▶ [WHAT TO DO]: The required output is the exact run of lines in the listing below from the line holding "Hijab Ul Hareem" through the line holding "FDI aclara que", with no pictures.

▶ [MATERIAL TO PROCESS]:

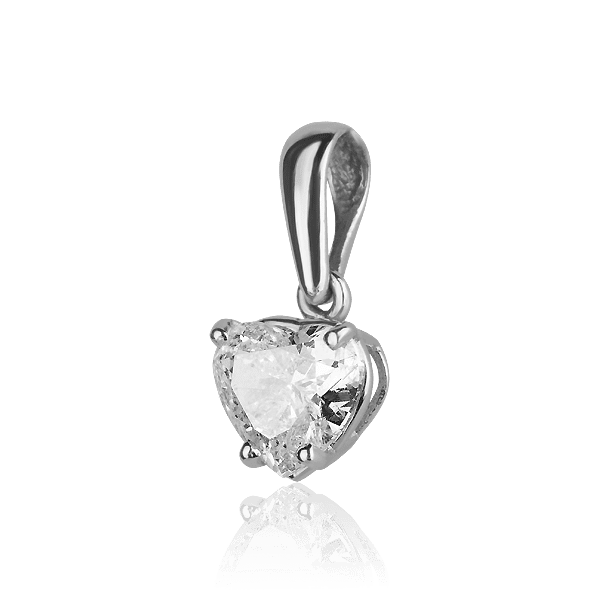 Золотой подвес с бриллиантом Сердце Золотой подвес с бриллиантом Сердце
...
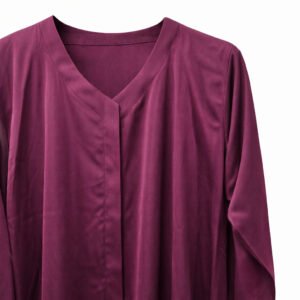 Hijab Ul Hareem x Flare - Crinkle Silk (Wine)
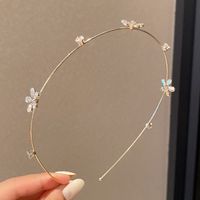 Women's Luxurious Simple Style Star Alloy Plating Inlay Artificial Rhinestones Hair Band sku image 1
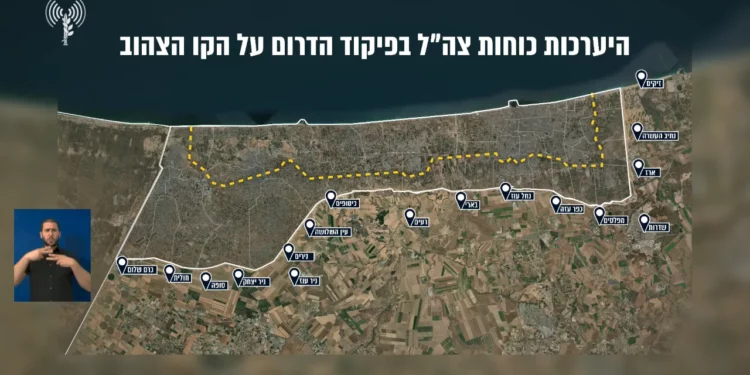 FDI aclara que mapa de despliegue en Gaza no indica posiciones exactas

▶ [TASK RESPONSE]:
 Hijab Ul Hareem x Flare - Crinkle Silk (Wine)
 Women's Luxurious Simple Style Star Alloy Plating Inlay Artificial Rhinestones Hair Band sku image 1
 FDI aclara que mapa de despliegue en Gaza no indica posiciones exactas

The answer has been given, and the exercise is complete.